Perhaps even more telling was a confrontation Pellecer had with Guatemalan bishops immediately before the press conference. "They were very angry and began shouting at him, calling him a traitor," said Gjording. Pellecer seemed to become disoriented, the Jesuit recounted, and responded by beginning his press conference statement: "My name is Luis Eduardo Pellecer Faena. I am a Jesuit priest . . . ."
No North American journalists have been permitted to question Pellecer, who remains in government custody, O'Callaghan said.
Gjording said that a dozen priests "have been killed or have disappeared" in Guatemala in the past 14 months. Last month a nun, seriously ill with cancer, was dragged from her convent and is presumed dead.
Guatemala's Army chief, Gen.

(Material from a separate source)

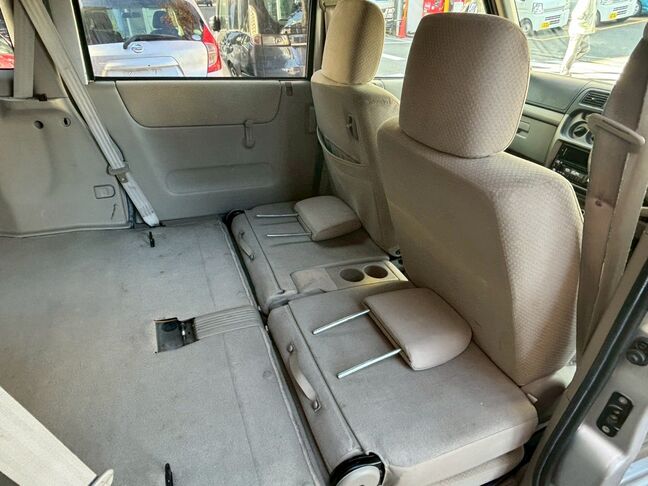 後部座席を倒すことでフルフラットにすることも可能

Benedicto Lucas Garcia, said last month, "Many priests and monks are implicated in subversive actions."
Jesuits in Canada, Ireland, Spain, France, Mexico and Venezuela joined American leaders of the order yesterday in the appeal to the Guatemalan government to turn Pellecer over to an "impartial" group that could arrange a psychiatric evaluation.
The Jesuits were prompted to act yesterday by fears that Pellecer's life may be in danger. Pellecer's last television appearance was in late November, said Gjording, and it "was not nearly as effective as his earlier appearances."
Gjording said the Jesuits now fear that as the alleged brainwashing wears off and Pellecer is less convincing, "he will be disposed of."